On ons, 2003-06-18 at 15:42, YOSHIFUJI Hideaki / åèèæ wrote:
> In article <1055793048.24660.160.camel@xxxxxxxxxxxxxxxxxxxxxxx> (at 16 Jun
> 2003 21:50:48 +0200), Andre Tomt <andre@xxxxxxxxxxx> says:
>
> > I mailed you guys a little while ago on the "unable to use
> > SOMENETWORK::0000 as a nexthop gateway" bug in 2.4.21-pre/rc a while
> > ago. It is still present in 2.4.21, rendering the "first" /128 of a
> > arbitrary prefixlen unusable - :0000. This is especially bad with /127
> > tunnels, rendering :0000 and :0001 unusable). But! There is one more
> :
>
> This is NOT the bug but by the spec.
> prefix:: is an anycast address, not a unicast;
> you cannot use it like an unicast address.
Ok, that probably is correct. It works in 2.4.20, that does not mean
it's correct behavior though ;-)
> Well...
>
> Do you really need to assign global address on the point-to-point device?
Yes.
> If yes, you should not use /127 prefix; please use /64 instead.

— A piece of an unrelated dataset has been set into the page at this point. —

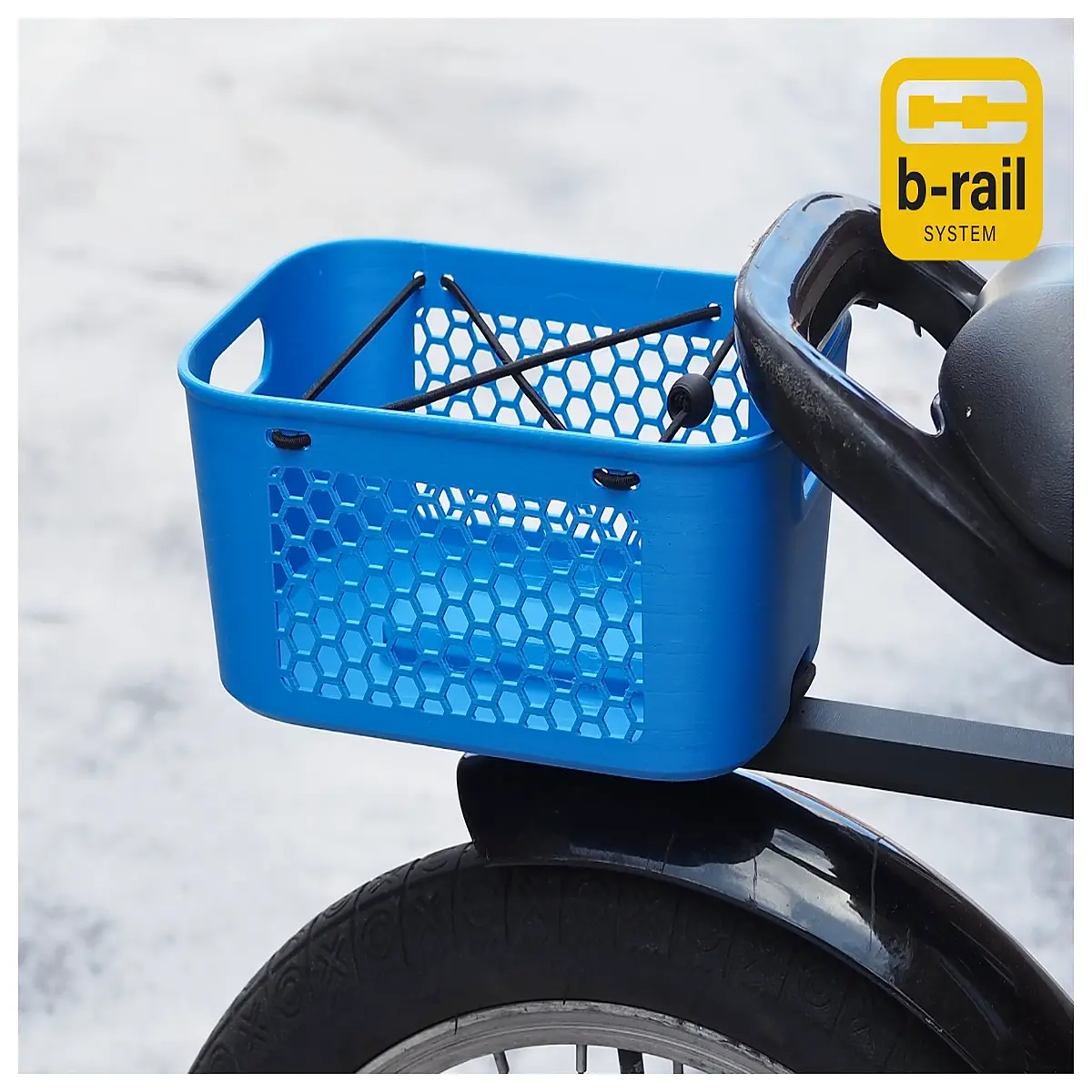 Child Bicycle Rear Basket B Rail System Cargo Basket Transport Basket Cycling Accessories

No one in their right mind assigns /64's for a linknetwork with two
peers. It's a pointopoint-link. All people I know use either /128
pointopoint or pointomultipoint semantics (BSD, KAME), or /127's as
Linux refuses to use the traditional pointopoint or peer parameter in
ifconfig and iproute for ipv6.
The /127 matches both 2a and 2b, why does it end up at localhost?